My friend is more of an optimist. Here's his theory on the first one:

  • Eventually, one party is going to realize their extremists never win races. They elect a moderate. Things normalize, politically.

Unfortunately, I didn't quiz him on all the rest of it. But now, somehow, it is making me wonder about the outlook of most of the Mottizens. I certainly see the doomer take on things pretty often.

I see a factoid sometimes that says conservatives are happier with their lives than liberals. Maybe that's a factor of rural living, maybe that's a factor of less thinking about serious issues, and less reading. I am pretty sure that conservatives on this site, on average, do not live in rural areas and, on average, think a lot more about serious issues, and read more. So maybe some bad, anecdotal science testing on The Motte is in order.

Are you a doomer, or a "bloomer"? What are some factors that lead you to your conclusion that the country is trending downwards or upwards? Please explain yourself, and please fight it out with everyone who thinks you're wrong.

I’m a soft doomer about the US but much less so than I am about (Western) Europe.

Mass immigration has seen fit to proffer the United States a gentle decline toward a high-inequality, mid-tier country with Some Third World Characteristics but probably with semi-functioning politics and many centers of high economic and industrial development. What is coming for Belgium, France, the Netherlands, Germany, Austria, Sweden, Britain, and increasingly also Spain, Ireland and Italy is much, much worse than that.
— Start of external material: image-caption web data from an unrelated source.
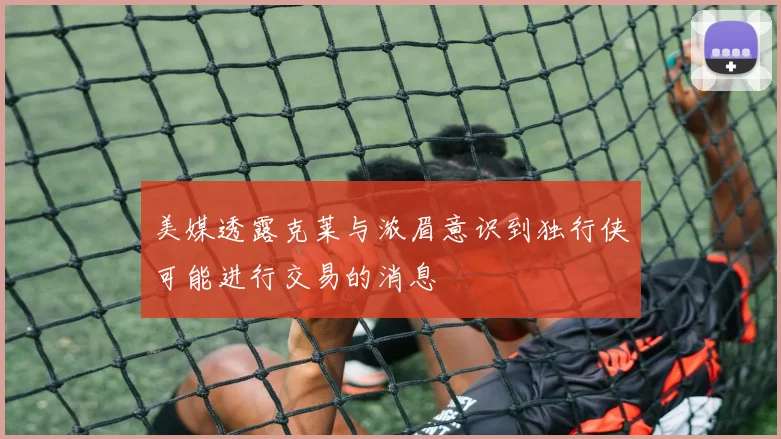 美媒透露克莱与浓眉意识到独行侠可能进行交易的消息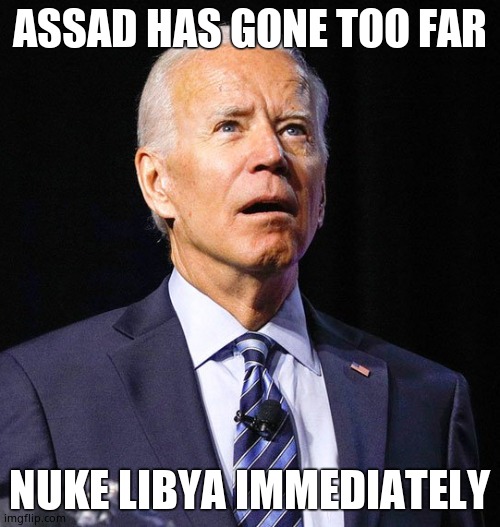 Joe Biden | ASSAD HAS GONE TOO FAR NUKE LIBYA IMMEDIATELY | image tagged in joe biden | made w/ Imgflip meme maker
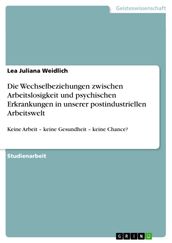 Die Wechselbeziehungen zwischen Arbeitslosigkeit und psychischen Erkrankungen in unserer postindustriellen Arbeitswelt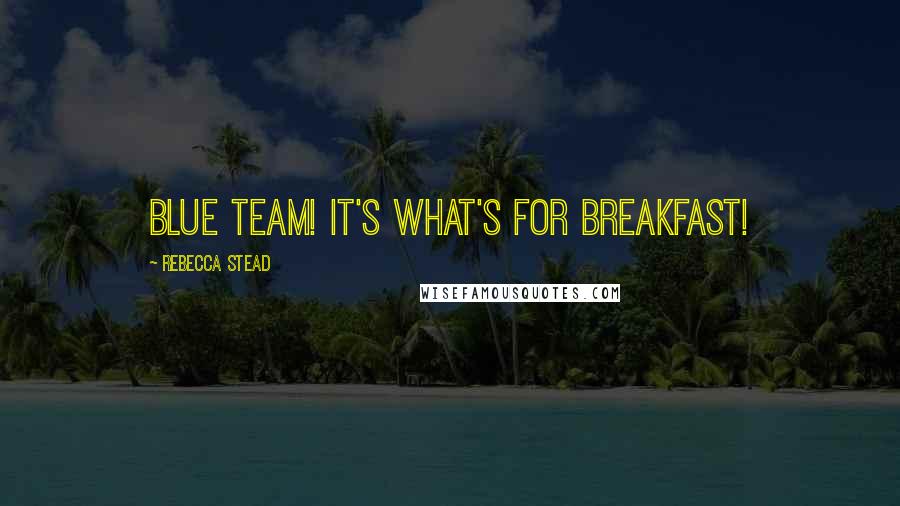 Rebecca Stead Quotes: Blue Team! It's what's for breakfast!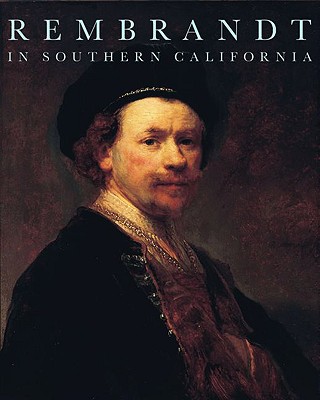 Rembrandt in Southern California - Woollett, Anne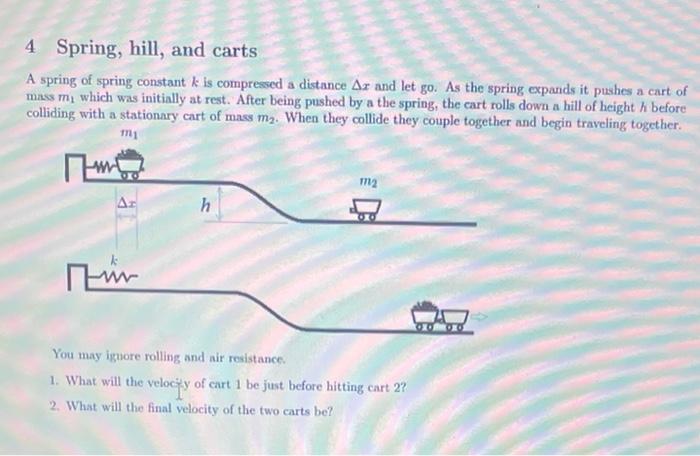 Solved 4 Spring, hill, and carts A spring of spring constant | Chegg.com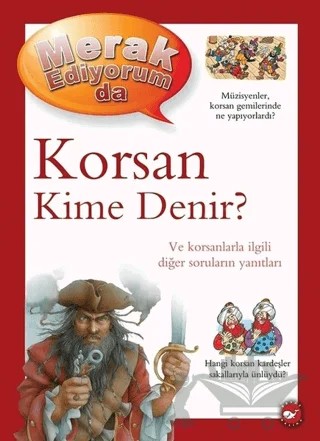 Merak Ediyorum da - Korsan Kime Denir? – Pat Jacobs – Beyaz Balina Yayınları kitap kapağı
many centers of high economic and industrial development

So the East and West Coasts, particularly the West Coast, propped up by cheap serf immigrant labour? Spots throughout the rest of the country like the tech hubs in Texas of Austin and Dallas also doing great? Sure, a lot of the country is sliding into decline, but The Economy is going gangbusters through a mix of the giant tech sector massively outperforming everything else and skewing things that way (if AI works out the way everyone is betting their shirt on it working) and the world is still using the US dollar as currency of choice. Yeah, lower middle-class to middle middle-class you can't buy meat anymore and you're living sixteen to a four bedroom house to make rent, but GDP is booming, the market is sky-high, if you own stocks you're okay, so shut up about the economy, stupid!

I could well see that happening.

The average household has 2.0 people in it. There might be people living with fifteen roommates, but this is very much not typical.

This anecdote isn't intended as commentary on what you wrote, but I feel like sharing.

My area is full of big homes occupied by single retirees and tiny apartments occupied by families. Somehow, whether due to regulation or tax nonsense or what have you, there doesn't seem to be a way of fixing this. Maybe when the boomers really start to die en masse it'll work out.

Actually something I've seen a few times is married boomers who are still 'together' but each live in their own full sized homes near each other as they simply find that more pleasant. Blew my mind the first time but it keeps coming up.

You see this all the time in California. I know a boomer or two who has empty houses that he doesn't even rent out because he doesn't want to bother.

The tax situation for real estate in California is an incredibly sweet deal. Your tax basis is the valuation at purchase time with a yearly increase not to exceed inflation or 2%. Boomers are paying pennies in property tax on all their properties while people who buy a house now can pay ten thousand a year for an ""starter"" house. Another transfer from the productive to the retired.

I know a boomer or two who has empty houses that he doesn't even rent out because he doesn't want to bother.

Pretty much everyone I know personally who has rented out in the past would never rent out again. They'd much rather pay taxes on an empty house than deal with the potential for another tenant from Hell, and they've all dealt with at least one. And these were not people renting out cheap shacks, either.